This main class is inherited by other source decomposition methods, such as ElasticNetCCA, ssCCA, and PLS. It implements methods to validate input dimensions, apply normalization, and transform data from two modalities using filters learned during training.
- Parameters:
N_components (int, optional) – Number of components to extract. If None, the number of components is set to the minimum number of features between modalities.
max_iter (int) – Maximum number of iterations for the algorithm.
tol (float) – Tolerance for convergence.
scale (bool) – Whether to scale the data during normalization to unit variance.
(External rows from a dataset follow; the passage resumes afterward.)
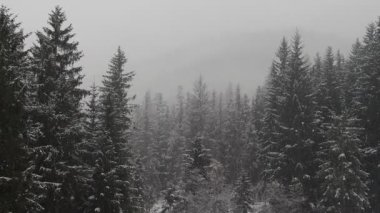 Çam ağacının dallarına karlar düşüyor Dolomitlerle dağ yavaş çekimde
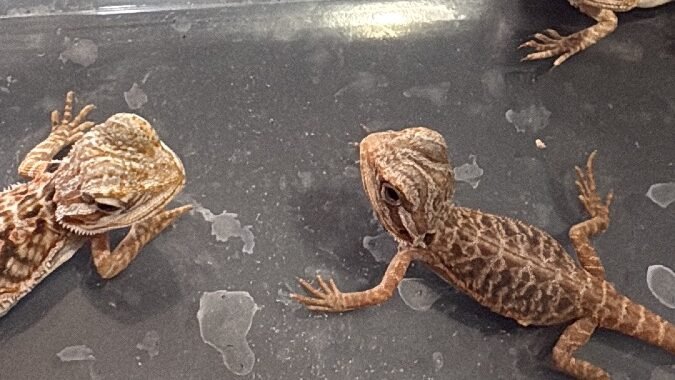 E7DC951D 655A 4332 9AC7 31BD45F98CDD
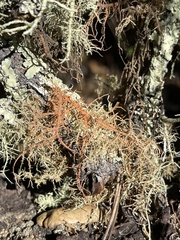 Usnea rubicunda
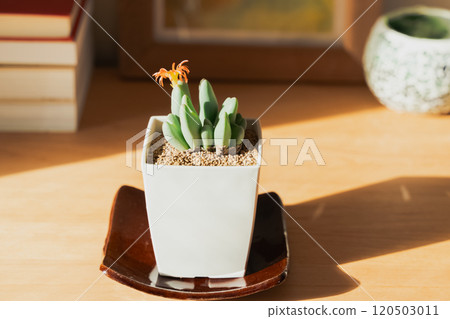 觀賞植物來裝飾您的空間 120503011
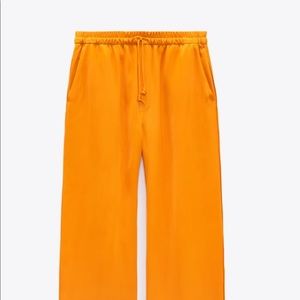 Zara 2022 Pant and Blazer NWT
Defaults to True.
- validate_inputs_fit(
- X: DataArray,
- Y: DataArray,
Validates input data of fit function and returns it with the correct dimensions and labels.
This method ensures that the input data to the fit function, X and Y, i.e. those used for training, have the expected dimension labels and sizes and returns them with the dimensions ordered as (sample_name, feature_name). It also initializes the number of samples, and features.
- Parameters:
X (DataArray) – Input data for modality X.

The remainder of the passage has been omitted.